Silas Mainville Burroughs (December 24, 1846 – February 6, 1895) was an American pharmaceutical entrepreneur who founded Burroughs Wellcome & Co.

==Biography==
Born in Medina, New York, United States, he was the son of Congressman Silas M. Burroughs (1810–1860). His mother died when he was five and his father when he was 13. He grew up with his aunt and uncle, and started his professional career by working in drugstores, then as a travelling pharmaceutical salesman. In 1869 he joined the Philadelphia firm John Wyeth & Bro (now Wyeth Pharmaceuticals). He graduated from the Philadelphia College of Pharmacy in 1877.

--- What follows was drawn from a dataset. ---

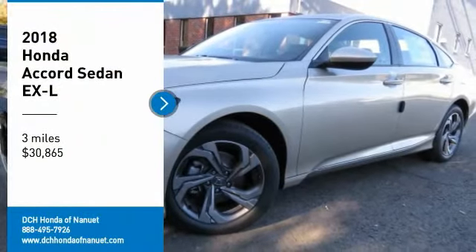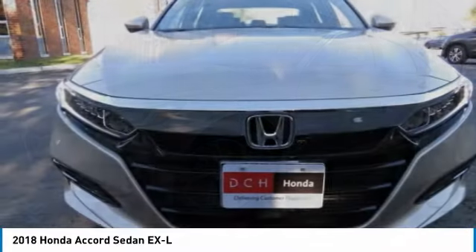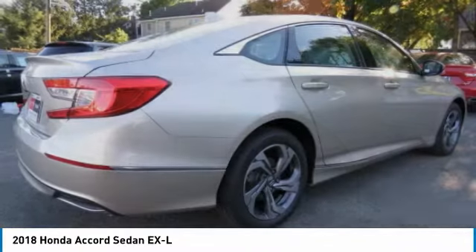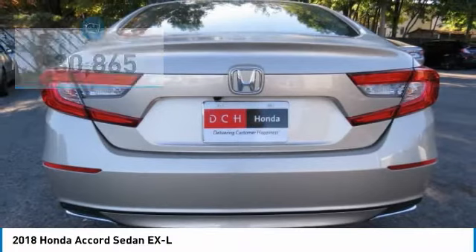Stop by and take a look at the 2018 Honda Accord — ingeniously simple, yet overflowing with luxury and technological creativity. All that and more in the Accord, and it's priced below $35,000.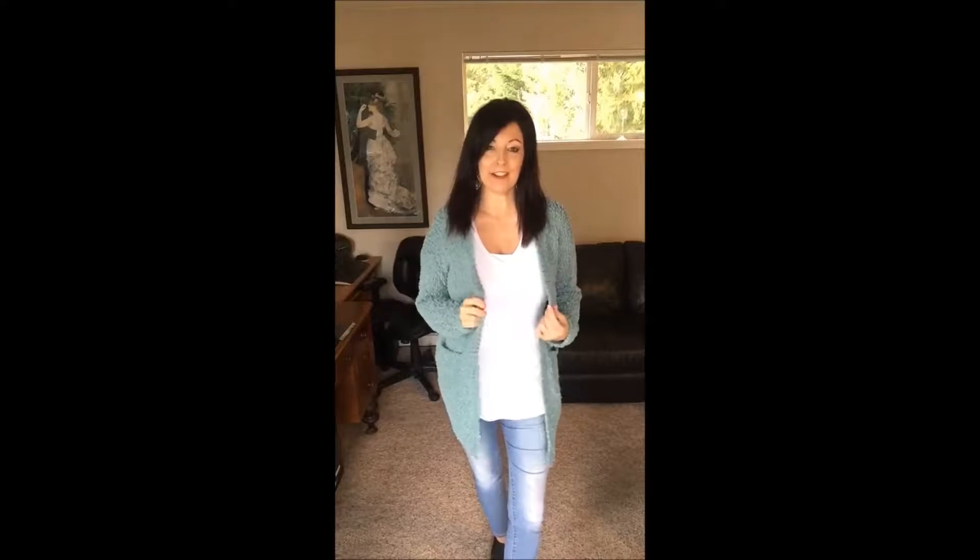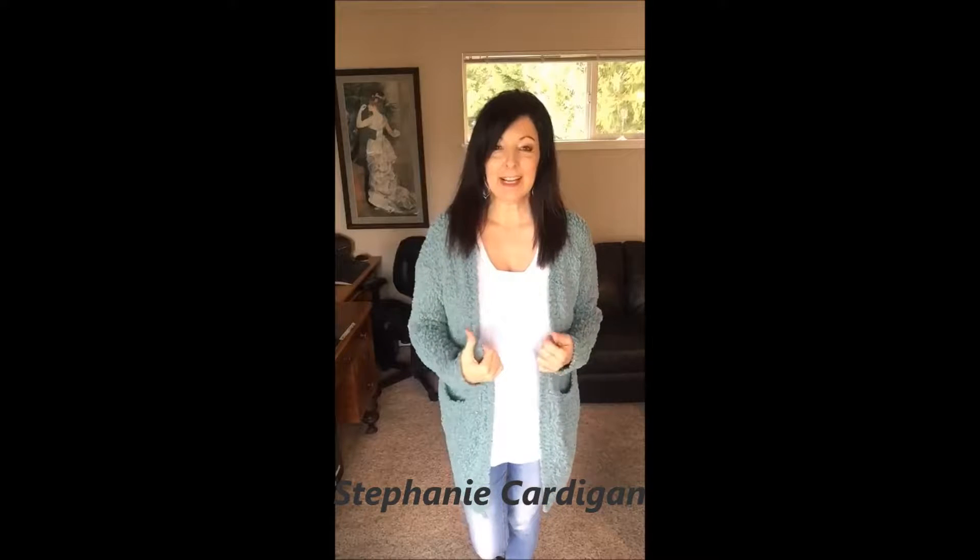Hi beautiful, thank you for tuning in on another Chris and Kate fashion chat. We have a fabulous cardigan for you to take a peek at — it's called the Stephanie Cardigan. It comes in this beautiful aqua color and also in white. It's really soft, super lightweight, light as a feather. It's so cozy you might even want to sleep in it. It's that piece you throw on when you need a little extra layer on a rainy, windy day.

In 1878, he travelled to London, England, as an agent for Wyeth, and founded Burroughs & Co., which imported their goods as well as acquiring other agencies' products and marketing his own goods. In 1880 he convinced his American-born friend Henry Wellcome to join the firm, helping him financially to become junior partner in the renamed Burroughs Wellcome & Company. In order to expand the firm Burroughs undertook a promotional world tour from 1881 to 1884. He travelled on the S.S. Ceylon on the first commercial round-the-world cruise, from Southampton leaving the Ceylon at Bombay. In India, Australia and New Zealand he made important contacts and laid the foundations for future trade in those countries.

On his return the firm's headquarters had moved to Snow Hill, London and manufacturing subsequently moved to Dartford, Kent. The purchase of the Dartford building was one of a number of issues that caused friction between the partners, their close friendship deteriorated and in 1889 Burroughs unsuccessfully tried to dissolve the partnership. They were in the process of discussing the dissolution again in 1894 when Burroughs died suddenly the following January.

Burroughs, Wellcome & Company's successfully introduced new ideas for marketing and advertising (including the patenting of the word 'tabloid'); an increasing range of products and success at major international exhibitions.

Burroughs was a visionary employer, supporting the eight-hour working day, profit-sharing, and numerous social and radical political movements including free travel, Irish Home Rule and world peace. He was a good friend and supporter of Henry George and the Single Tax Movement promoting it at every opportunity. He became increasingly active in the Liberal Party, was president of the Bexleyheath Liberal and Radical Club and it was suggested that he enter parliament.

He became a British subject in 1890.

Attracted to Christian socialism, he was a staunch Presbyterian: His philanthropism culminated in the foundation of the Livingstone Hospital at Dartford.

Burroughs was known for pushing himself to the limit. When recovering from flu on a cycling trip on the French Riviera he exhausted himself and developed pneumonia. He died in Monte Carlo, aged 49 leaving his wife, Olive, and three children, Anna, Frances and Stanley. Olive died in 1905 and was buried there with him. Under the terms of his will each employee received a share of his wealth which amounted to six guineas each.
Following his death a Burroughs scholarship was created and administered by the Royal Pharmaceutical Society.

Burroughs' widow Olive tried to retain an interest in the firm however Wellcome exercised his right to buy the share outright. It wasn't until 1924 that Wellcome changed the name of the firm to the Wellcome Foundation Limited such was the recognition and value of the name Burroughs.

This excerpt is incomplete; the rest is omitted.